Race Oncology hopes its drug candidate can protect the heart from the dangerous effect of chemotherapy.

Chemo can kill the cancer - and the heart as well. Pic via Getty
Chemo can kill the cancer - and the heart as well. Pic via Getty

Here’s the good news: more patients are surviving cancer and living longer after treatment.

In 2022 there were 18 million cancer survivors in the US and more than one million in Australia.

“Twenty to 30 years ago, if you were told you had metastatic, late-stage cancer you would have months to live at best,” says Race Oncology (ASX:RAC) CEO Dr Daniel Tillett.

“There’s been enormous progress in treating patients, so that many patients will live the rest of their lives and die of something else.”

And therein lies the bad news: the “something else” is likely to be heart failure or kidney and liver damage resulting not from the cancer, but the chemotherapy.

A classic case of the cure being worse than the disease.

“As a result, the damage inflicted by cancer treatments has become increasingly important,” Tillett says. “Regulators and drug companies are zeroing in on ways to mitigate or avoid the damage.”

You can teach an old drug new tricks

Race is tackling the problem of chemo-induced heart damage – the clinicians’ key priority – with its reformulated drug candidate called bisantrene (RAC-220).

The drug made it to market in France in 1988 and had clinical success in treating breast cancer and leukemia sans the heart damage.

The trouble is – and there’s always a problem – the drug crystallised in the blood after being injected. Ledle (now Pfizer) persevered and treated 2000 patients in clinical trials before losing interest.

In 2021 Race discovered that if were combined with doxorubicin, the leading anthracycline, the heart could be protected.

The most widely used chemotherapy, anthracyclines were discovered more than five decades ago. They’re still popular because they are effective and – being generic – they are cheap at $100 to $200 per dose.

“Usage is still growing, which is very unusual for an old drug that has been around for so long,” Tillett says.

But doctors typically give a maximum four doses because of the heart damage risk.

Heading to the clinic

Race has completed two acute myeloid leukemia (AML) trials with the old formulation, RC-110.

Now, a phase 1 trial of RAC-220 will use with cardio protection as the primary endpoint.

The study is on track to start in 2025 at the Sydney’s Southside Cancer Care Centre, the lead site, with targeted enrolment of 25 to 40 patients across ten local and offshore sites.

Because the drug is not targeting a specific cancer the trial is “all comers” and can accept any patients with any type of cancer.

Pending ethics approval, the first patient should be recruited in the March quarter.

In essence, the study aims to show that positive animal model results translate into humans.
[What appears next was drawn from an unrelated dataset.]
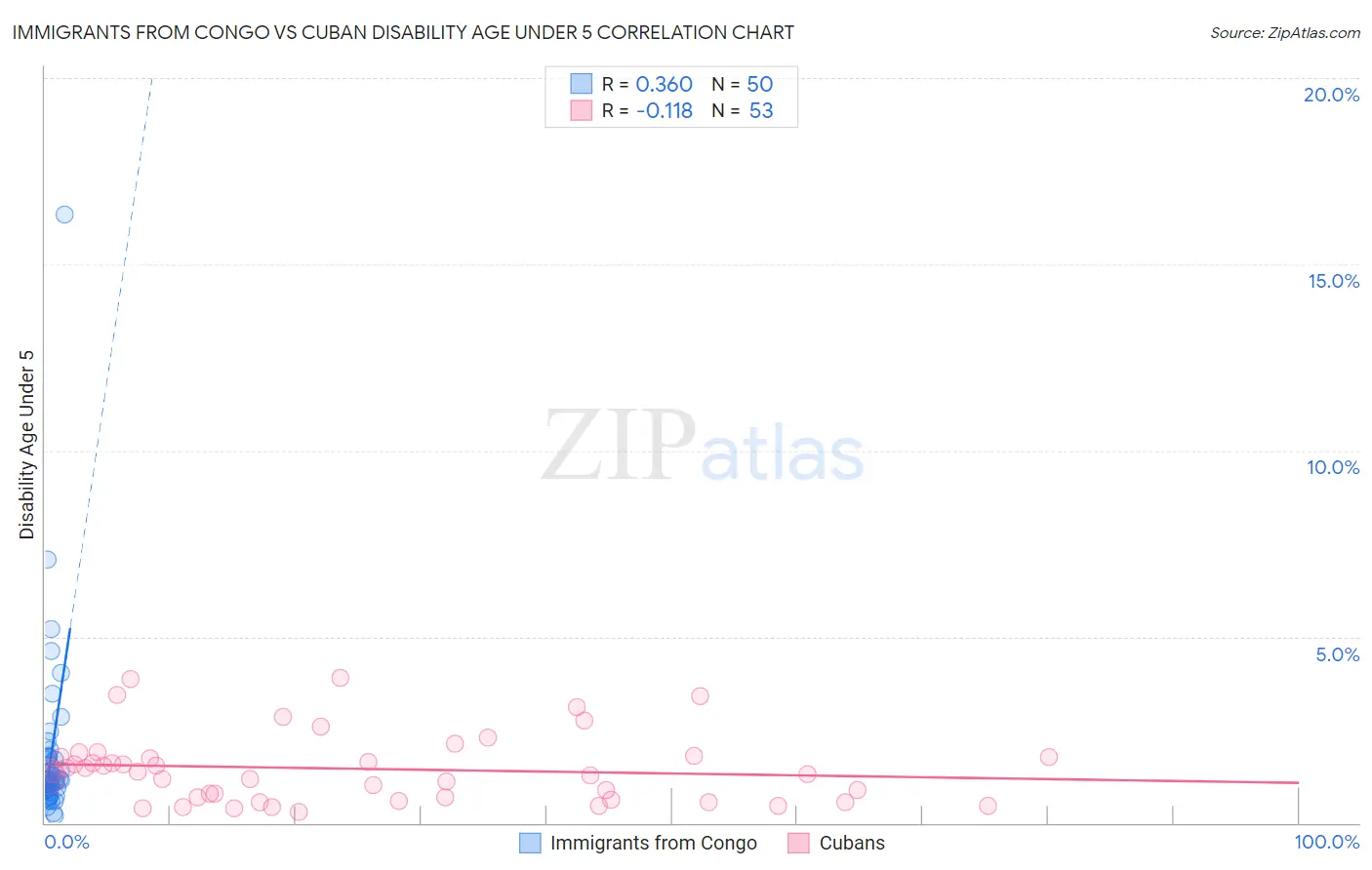 Immigrants from Congo vs Cuban Disability Age Under 5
As they say in the biotech milieu, ‘everything works in mice’.

Race’s work was ‘back translated’, which means it originally was identified in people with the animal models developed to confirm the effect.

“We know in multiple different animal species that it works and how it works,” Tillett says.

The company hopes the data will be strong enough to support an application to carry out a follow-on trial in the US.

Tackling leukemia

Meanwhile, a completed phase 1b/2 investigator-sponsored trial studied the original bisantrene formulation, RC-110 to treat acute myeloid leukemia (AML).

Carried out at the at Israel’s Chaim Sheba Medical Centre, the phase 2 efficacy stage saw 40% of the patients with relapsed or refractory (treatment-resistant) AML responding to RC-110, in combination with the chemo drugs clofarabine and fludarabine.

“The results have stimulated further clinician interest in taking the drug forward in new AML trials,” Race executive chairman Dr Peter Smith told shareholders at the company’s AGM.

“We are still discussing future clinical trials with an Australian investigator in the AML field and will update our shareholders when we received a formal request for support.”

Investors enjoy the piggyback ride

Race is well cashed up, with $14.6 million in the bank as of the end of September 2024.

In an unusual ‘buy now, pay later’ fund raising, in November 2023 Race announced two tranches of bonus options, aimed at raising up to $36.7 million.

Investors got one option for every 20 shares, exercisable at 75 cents each, up to June 2024. For each option exercised, punters get three ‘piggyback’ options exercisable at $1.25 by May 2026.

The exercise of the in-the-money June 2024 options raised $5 million in November, with the potential for piggybacks to raise up to $25 million before they expire in June 2026.

In December, Race also pocketed a $5.25 million R&D tax refund.

The cardio protection trial has been costed at $9 million if the maximum 40 patients are recruited.

“Race is fully funded to the end of the decade if we run it correctly,” Tillett says. “We are run with a real eye on costs.”

Shortening the odds of success

Tillett says biotech is all about minimising risk at every turn, given any new drug candidate only has a 3% chance of making it to market.

Given bisantrene is “derisked and clinically proven”, the odds of success are more like 80%.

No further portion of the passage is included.